Yogesh Maheshwari and Khushbu Agrawal
This paper aims to examine the impact of initial public offering (IPO) grading on earnings management by Indian companies in their IPOs. Specifically, it investigates whether…
Abstract
Purpose
This paper aims to examine the impact of initial public offering (IPO) grading on earnings management by Indian companies in their IPOs. Specifically, it investigates whether earnings management significantly differs in the pre-IPO grading regime and post-IPO grading regime. Further, it examines whether earnings management significantly differs between high-graded and low-graded IPOs.

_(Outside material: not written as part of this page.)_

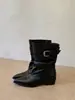 Botines cortos fruncidos, botines de motociclista versátiles para mujer con hebilla de cinturón, elegante estilo retro de tacón grueso, nuevo diseño simple 2026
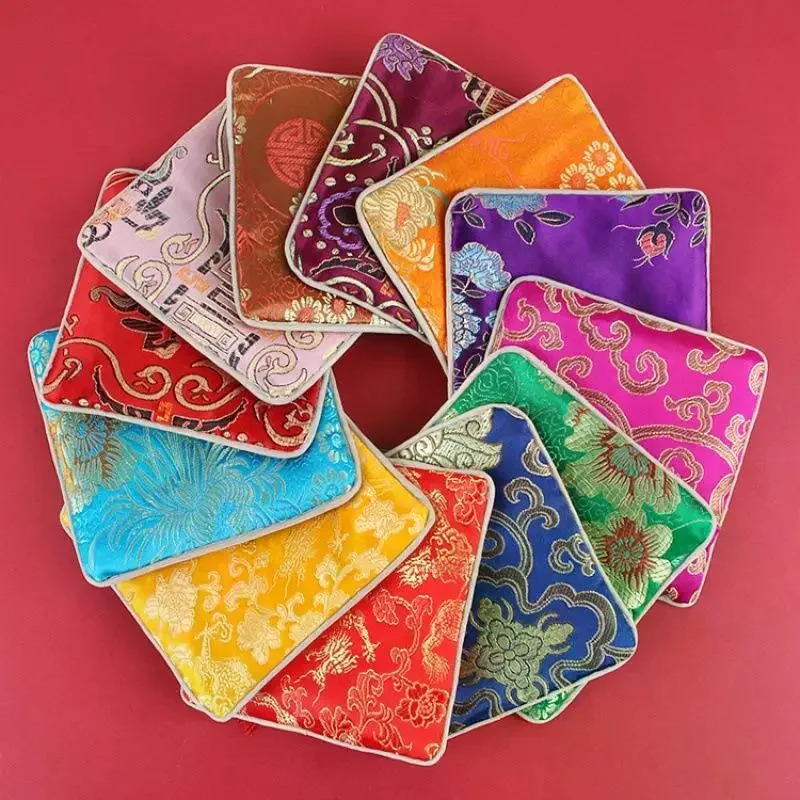 Chinese Brocade Square Storage Bag: Embroidery Pattern Tassel Zipper Jewelry Small Items Daily Use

Design/methodology/approach
The cross-sectional modified Jones model is used to obtain the discretionary accruals, a proxy for earnings management. The impact of IPO grading on earnings management is assessed using multiple regression analysis.
Findings
Earnings management is significantly lower in graded IPOs as compared to the ones that are not graded. Further, among the graded IPOs, the high-graded IPOs exhibit lower earnings management as compared to the low-graded IPOs. The findings are robust to the use of an alternative measure for discretionary accruals.
Originality/value
IPO grading in India is a unique certification mechanism, introduced for the first time in any market. This paper establishes the efficacy of this mandatory certification mechanism in reducing earnings management. The findings could be valuable to issuer companies, investors and market regulators.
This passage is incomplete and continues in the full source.